米Apple社のティム・クック最高経営責任者は、iOS 6に実装した地図アプリに多くの不具合があること認め、顧客を失望させたとして公式サイトより謝罪した

謝罪文の中でクック氏は、AppleはiOS 6対応の新マップのリリースにおいて、「顧客に最高の体験を届ける、世界で最高レベルの製品を開発するという、自分たちに課したその基準に達することができなかった」と説明している。そして同アプリを改善していくことを約束する傍ら、代案として他社製地図アプリの利用も勧めている。

App Storeには「地図App」という特集ページが作られ、標準アプリの代わりとなる地図アプリが紹介され、またAppleのサイトでは「Googleマップ」にすばやくアクセスするためのアイコンの追加方法までも紹介されている。

Appleは先週水曜日に新しいオペレーティングシステムiOS6をリリース、その一部として独自マッププラットフォームの提供を行った。2007年半ばに開始された初代のiPhone以来、バンドルしていたGoogle Mapsの代替えとして初めての自社開発のマッピング技術搭載となる。しかしリリース直後から、最新の情報が反映されていない、正確な場所までの案内がされない、などの苦情がユーザーから殺到している。

IT技術オンライン情報サイトのeWeekでは、クック氏が最初にリストアップしていたMicrosoft BingをiPadで検証した結果を紹介している。米国内の地図とメタデータに関しての検証だけだが、ワシントンDC周辺の道路情報は最新のものが反映されており、周辺道路のナビゲーションも車のナビゲーションと同等レベルの正確さで表示したという。またルート変更にしても、スクリーンタッチに即してスムーズに変更を反映させたとして高い評価で説明している。画像データにしてもApple Mapsでは持ち合わせていない情報まで表示してくれるとして著者は、Apple Mapsが改善されたとしてもBingを使用し続けることを明記している。

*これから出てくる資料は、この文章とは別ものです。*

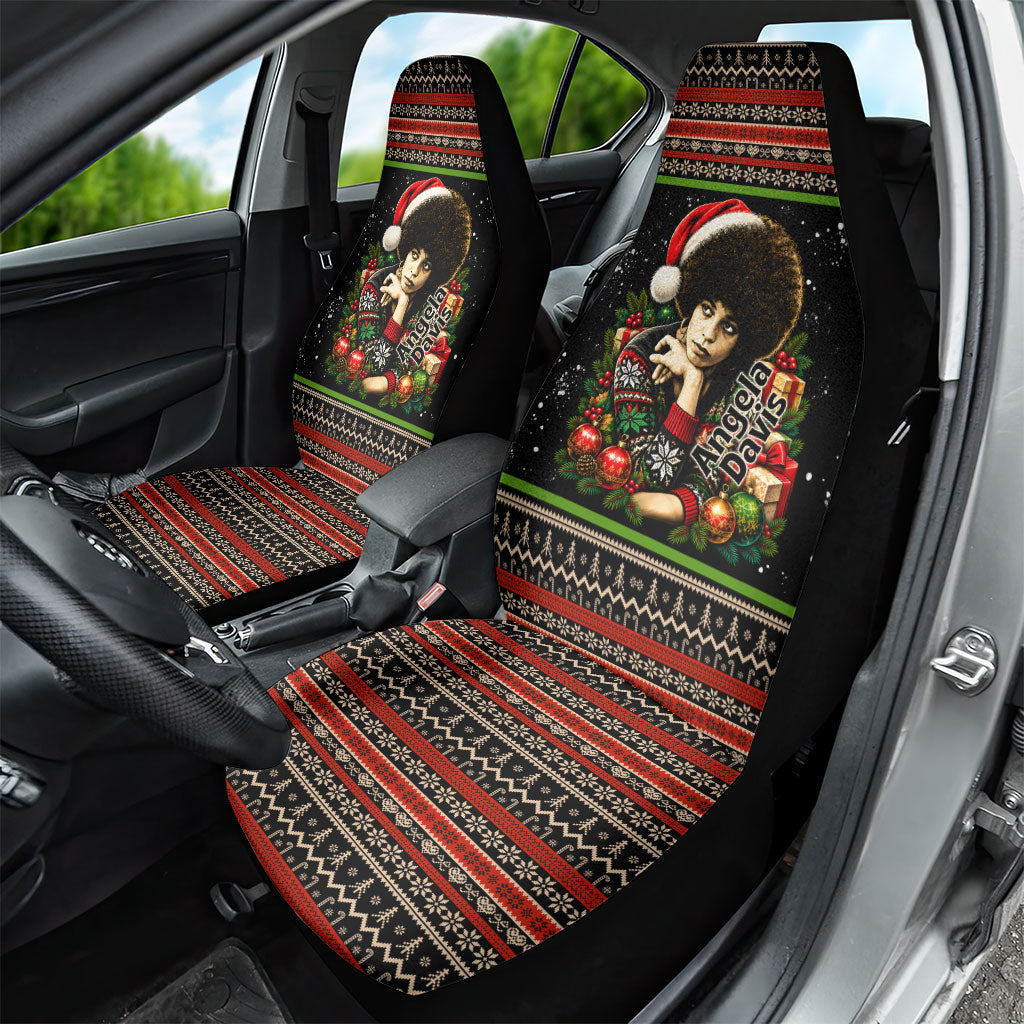 Angela Davis Merry Christmas Car Seat Cover Ugly Christmas Pattern Civil Rights Black History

一方Google社では、AppStoreにマップアプリをリリースする予定は全く立っていないという。これは先週火曜日、ネクサスタブレットの発表のために来日しているエリック・シュミット最高経営責任者が米ロイターの取材に対して答えたもの

「我々としては、(Apple社が) Google Mapsをキープしてくれていればとも思うが、彼らが方針を変えるよう、強いる理由もこちらにはない。結局は先方次第だ。」シュミット氏は新タブレット上で皮肉なジョークも交えながらGoogle Mapsの新機能を見せた。同社は9月28日(現地時間)、Google Mapsと3D地図表示アプリケーション「Google Earth」における強化を発表しており、米国内37地区と世界14か所で新たな45度の航空画像を追加したほか、日本を含む衛星からの一部高解像写真を更新した。